Object detection in fast.ai v1

I’m trying to adapt the RetinaNet notebook to a dataset that contains empty images with no objects. Does anyone know how I might go about adapting the current notebook to accommodate this?

Right now the notebook as is works fine when I use the subset of the data that contains images, so everything is good there. When I try to add in images without labels, I get errors. Specifically the create method of the ImageBBox class tries to index into an empty list.

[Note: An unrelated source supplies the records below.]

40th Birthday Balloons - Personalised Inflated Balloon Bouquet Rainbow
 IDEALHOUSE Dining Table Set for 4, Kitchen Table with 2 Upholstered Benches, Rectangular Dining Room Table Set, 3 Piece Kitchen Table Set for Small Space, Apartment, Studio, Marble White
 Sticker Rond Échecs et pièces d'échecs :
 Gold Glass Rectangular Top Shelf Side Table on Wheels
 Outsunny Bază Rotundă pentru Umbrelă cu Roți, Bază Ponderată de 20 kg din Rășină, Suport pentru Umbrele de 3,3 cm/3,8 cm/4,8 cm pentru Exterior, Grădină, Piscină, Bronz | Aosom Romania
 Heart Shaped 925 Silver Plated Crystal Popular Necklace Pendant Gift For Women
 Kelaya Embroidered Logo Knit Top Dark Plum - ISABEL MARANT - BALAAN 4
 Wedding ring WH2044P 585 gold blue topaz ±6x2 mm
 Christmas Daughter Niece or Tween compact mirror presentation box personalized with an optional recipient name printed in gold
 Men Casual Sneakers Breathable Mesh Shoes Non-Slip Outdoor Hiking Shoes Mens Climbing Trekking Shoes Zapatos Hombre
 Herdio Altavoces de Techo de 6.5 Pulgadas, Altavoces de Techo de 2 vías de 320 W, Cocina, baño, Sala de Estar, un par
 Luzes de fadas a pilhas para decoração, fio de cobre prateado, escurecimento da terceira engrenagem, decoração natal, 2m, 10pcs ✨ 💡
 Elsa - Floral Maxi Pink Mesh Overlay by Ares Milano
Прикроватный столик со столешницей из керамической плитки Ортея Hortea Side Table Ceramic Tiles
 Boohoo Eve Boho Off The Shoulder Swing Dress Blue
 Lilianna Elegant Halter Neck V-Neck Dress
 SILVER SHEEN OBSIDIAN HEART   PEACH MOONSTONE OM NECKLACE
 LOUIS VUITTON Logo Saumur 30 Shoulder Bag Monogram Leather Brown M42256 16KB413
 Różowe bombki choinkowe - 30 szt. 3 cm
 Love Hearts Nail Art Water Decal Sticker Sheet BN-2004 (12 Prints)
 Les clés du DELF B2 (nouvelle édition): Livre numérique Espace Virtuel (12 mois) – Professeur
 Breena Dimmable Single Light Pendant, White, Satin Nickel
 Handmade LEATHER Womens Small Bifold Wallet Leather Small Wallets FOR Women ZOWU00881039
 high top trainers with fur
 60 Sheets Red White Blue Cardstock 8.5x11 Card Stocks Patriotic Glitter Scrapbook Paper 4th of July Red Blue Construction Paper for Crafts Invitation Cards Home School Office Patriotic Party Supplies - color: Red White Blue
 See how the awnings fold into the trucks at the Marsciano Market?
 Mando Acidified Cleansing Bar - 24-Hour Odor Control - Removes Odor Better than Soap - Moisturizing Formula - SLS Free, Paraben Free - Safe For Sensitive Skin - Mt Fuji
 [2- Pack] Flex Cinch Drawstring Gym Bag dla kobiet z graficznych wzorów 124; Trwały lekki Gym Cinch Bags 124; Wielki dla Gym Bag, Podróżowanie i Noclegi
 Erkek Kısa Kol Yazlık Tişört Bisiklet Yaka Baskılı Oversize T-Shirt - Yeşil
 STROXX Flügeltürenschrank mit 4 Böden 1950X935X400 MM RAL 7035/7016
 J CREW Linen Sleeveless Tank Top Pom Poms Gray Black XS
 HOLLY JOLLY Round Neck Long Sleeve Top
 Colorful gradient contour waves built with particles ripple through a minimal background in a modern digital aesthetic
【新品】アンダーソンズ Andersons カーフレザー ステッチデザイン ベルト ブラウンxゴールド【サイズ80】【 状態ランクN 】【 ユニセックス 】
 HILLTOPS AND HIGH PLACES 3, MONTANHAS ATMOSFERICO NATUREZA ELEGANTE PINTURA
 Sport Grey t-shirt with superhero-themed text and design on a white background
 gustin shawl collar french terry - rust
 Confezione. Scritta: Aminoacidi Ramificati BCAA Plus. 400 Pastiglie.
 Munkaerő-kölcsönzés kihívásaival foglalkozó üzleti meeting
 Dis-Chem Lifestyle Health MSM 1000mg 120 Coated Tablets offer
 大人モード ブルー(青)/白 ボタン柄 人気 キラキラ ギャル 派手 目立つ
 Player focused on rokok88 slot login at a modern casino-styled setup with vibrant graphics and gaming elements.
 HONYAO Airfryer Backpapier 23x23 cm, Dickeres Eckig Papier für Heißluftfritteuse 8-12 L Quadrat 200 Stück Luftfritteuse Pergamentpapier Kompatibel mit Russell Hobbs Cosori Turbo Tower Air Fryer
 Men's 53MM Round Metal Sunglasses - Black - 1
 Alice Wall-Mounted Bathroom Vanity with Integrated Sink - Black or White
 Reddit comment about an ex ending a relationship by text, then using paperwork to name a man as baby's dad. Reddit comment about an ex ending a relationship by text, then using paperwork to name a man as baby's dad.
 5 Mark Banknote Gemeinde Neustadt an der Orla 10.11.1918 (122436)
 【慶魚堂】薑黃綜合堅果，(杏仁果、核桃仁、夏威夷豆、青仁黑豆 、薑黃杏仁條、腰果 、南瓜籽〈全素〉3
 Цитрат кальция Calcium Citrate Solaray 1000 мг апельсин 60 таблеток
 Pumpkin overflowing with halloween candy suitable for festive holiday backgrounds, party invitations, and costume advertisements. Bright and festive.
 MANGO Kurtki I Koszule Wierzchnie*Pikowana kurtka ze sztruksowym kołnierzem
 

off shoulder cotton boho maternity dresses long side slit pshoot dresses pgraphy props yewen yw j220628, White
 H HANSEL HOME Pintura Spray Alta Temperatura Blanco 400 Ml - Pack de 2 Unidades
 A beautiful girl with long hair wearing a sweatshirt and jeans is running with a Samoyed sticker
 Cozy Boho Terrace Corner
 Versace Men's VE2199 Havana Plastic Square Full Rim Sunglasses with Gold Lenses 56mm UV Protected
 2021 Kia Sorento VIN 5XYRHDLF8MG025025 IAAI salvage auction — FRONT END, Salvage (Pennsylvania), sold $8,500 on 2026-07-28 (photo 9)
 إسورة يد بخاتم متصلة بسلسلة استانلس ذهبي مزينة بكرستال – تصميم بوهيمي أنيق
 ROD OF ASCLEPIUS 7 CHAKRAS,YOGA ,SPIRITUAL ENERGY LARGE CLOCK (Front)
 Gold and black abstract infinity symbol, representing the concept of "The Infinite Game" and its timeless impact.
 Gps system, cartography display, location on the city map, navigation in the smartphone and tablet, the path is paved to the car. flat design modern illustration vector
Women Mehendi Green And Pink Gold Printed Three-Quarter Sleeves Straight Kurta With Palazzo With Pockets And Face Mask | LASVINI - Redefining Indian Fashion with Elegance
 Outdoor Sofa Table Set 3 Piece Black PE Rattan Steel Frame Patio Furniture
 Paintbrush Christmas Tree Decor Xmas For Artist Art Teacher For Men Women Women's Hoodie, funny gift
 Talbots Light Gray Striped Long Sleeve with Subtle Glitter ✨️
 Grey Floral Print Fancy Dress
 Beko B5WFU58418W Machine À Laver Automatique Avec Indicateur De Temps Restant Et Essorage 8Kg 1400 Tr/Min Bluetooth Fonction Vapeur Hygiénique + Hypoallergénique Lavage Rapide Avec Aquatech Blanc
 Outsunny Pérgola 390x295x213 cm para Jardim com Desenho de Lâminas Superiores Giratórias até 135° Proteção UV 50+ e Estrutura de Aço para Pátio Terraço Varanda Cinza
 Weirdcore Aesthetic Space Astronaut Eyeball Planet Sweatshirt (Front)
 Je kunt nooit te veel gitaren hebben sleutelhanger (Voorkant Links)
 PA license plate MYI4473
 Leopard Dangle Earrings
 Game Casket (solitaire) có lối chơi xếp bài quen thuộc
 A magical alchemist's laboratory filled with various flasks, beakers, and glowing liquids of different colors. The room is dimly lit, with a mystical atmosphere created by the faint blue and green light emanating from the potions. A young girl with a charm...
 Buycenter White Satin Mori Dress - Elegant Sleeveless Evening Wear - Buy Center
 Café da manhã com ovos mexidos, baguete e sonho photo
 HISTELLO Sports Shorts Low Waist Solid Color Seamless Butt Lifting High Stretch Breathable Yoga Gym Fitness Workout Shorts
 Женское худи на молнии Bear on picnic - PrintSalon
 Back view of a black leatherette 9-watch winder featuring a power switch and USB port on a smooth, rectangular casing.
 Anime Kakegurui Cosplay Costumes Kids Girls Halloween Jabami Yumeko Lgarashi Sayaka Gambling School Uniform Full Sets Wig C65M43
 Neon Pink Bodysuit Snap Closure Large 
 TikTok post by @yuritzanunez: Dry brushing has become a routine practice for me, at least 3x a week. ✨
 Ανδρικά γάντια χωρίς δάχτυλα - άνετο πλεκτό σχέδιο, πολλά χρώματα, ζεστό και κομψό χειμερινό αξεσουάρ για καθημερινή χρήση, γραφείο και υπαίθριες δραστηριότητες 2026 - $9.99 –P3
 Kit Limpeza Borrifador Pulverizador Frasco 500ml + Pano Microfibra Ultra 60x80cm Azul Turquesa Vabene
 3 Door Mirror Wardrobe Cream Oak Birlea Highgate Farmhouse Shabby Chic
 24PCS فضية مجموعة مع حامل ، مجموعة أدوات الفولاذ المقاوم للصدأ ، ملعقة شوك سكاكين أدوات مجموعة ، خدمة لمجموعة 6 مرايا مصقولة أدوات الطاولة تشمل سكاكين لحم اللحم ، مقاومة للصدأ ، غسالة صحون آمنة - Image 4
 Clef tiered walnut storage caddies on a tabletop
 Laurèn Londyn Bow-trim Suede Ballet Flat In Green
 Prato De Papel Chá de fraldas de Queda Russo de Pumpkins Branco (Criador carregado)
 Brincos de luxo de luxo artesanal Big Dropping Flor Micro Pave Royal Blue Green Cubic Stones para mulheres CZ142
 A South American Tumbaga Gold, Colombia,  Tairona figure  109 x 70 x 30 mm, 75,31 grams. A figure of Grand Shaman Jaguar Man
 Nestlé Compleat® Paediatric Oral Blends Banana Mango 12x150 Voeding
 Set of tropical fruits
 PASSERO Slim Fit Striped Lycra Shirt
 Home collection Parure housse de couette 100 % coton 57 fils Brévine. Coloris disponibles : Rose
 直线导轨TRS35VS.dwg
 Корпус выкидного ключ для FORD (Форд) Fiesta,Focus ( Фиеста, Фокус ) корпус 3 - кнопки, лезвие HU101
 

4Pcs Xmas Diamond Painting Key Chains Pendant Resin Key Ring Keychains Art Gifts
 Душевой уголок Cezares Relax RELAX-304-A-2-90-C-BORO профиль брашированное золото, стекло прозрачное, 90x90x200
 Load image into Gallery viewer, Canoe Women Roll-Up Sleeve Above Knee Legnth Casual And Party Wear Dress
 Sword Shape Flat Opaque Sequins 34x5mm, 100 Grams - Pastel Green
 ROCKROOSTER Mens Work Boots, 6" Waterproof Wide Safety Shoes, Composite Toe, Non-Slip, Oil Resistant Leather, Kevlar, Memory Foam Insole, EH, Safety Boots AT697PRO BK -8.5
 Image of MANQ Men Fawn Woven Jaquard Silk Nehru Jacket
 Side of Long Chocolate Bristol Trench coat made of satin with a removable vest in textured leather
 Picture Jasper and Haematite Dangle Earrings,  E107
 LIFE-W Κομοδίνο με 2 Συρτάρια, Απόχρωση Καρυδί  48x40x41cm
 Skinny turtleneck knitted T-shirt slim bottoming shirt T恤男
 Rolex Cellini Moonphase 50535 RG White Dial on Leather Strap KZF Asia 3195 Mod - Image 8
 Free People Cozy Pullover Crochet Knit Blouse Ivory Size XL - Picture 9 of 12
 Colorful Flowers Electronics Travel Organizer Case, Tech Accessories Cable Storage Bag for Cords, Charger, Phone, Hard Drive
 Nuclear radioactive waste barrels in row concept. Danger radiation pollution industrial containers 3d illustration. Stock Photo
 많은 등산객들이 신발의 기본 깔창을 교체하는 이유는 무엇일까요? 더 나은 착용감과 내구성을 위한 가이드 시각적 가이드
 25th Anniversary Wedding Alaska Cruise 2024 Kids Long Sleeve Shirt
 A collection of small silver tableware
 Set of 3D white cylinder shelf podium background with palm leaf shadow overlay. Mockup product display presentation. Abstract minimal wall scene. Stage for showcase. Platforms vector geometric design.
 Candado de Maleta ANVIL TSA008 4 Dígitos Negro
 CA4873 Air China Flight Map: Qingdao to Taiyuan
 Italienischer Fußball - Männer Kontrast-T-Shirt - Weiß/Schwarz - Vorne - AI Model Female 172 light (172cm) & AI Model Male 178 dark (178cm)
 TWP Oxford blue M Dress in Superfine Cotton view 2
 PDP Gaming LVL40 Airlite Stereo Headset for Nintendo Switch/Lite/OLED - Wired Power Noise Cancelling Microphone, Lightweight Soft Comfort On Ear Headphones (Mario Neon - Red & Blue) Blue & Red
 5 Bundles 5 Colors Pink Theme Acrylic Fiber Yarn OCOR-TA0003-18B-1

Does anyone know a good format for representing empty images in bounding box format? I’ve considered adding some dummy coordinates like [0, 0, 0, 0] but I’m concerned that will have weird effects on training.

Hi (Moin),

if you use [0, 0, 0, 0] with the background class as the label that should be work just fine.

With kind regards,

Gave this a try. It causes some sort of numerical issue. When I create a dataloader, I get a ton of UserWarning: Tensor is int32: upgrading to int64; for better performance use int64 input

When I try to call data.show_batch(rows=3), the kernel dies. The issue repeats.

Maybe extending the bounding box for the background to the entire picture area helps to avoid this problem?


in case you don’t have any labels

def get_y_func(o):
    if str(o.id) in img2bbox: #Labels?
        return img2bbox[str(o.id)]
    else: #No labels?
        return [[[0,0,0,0]], ['background']]

works just fine for me.

This does work for dealing with empty images. You do end up with an extra class (‘background’ is listed twice in data.classes and data.c is 3, but monkey patching these seems to work.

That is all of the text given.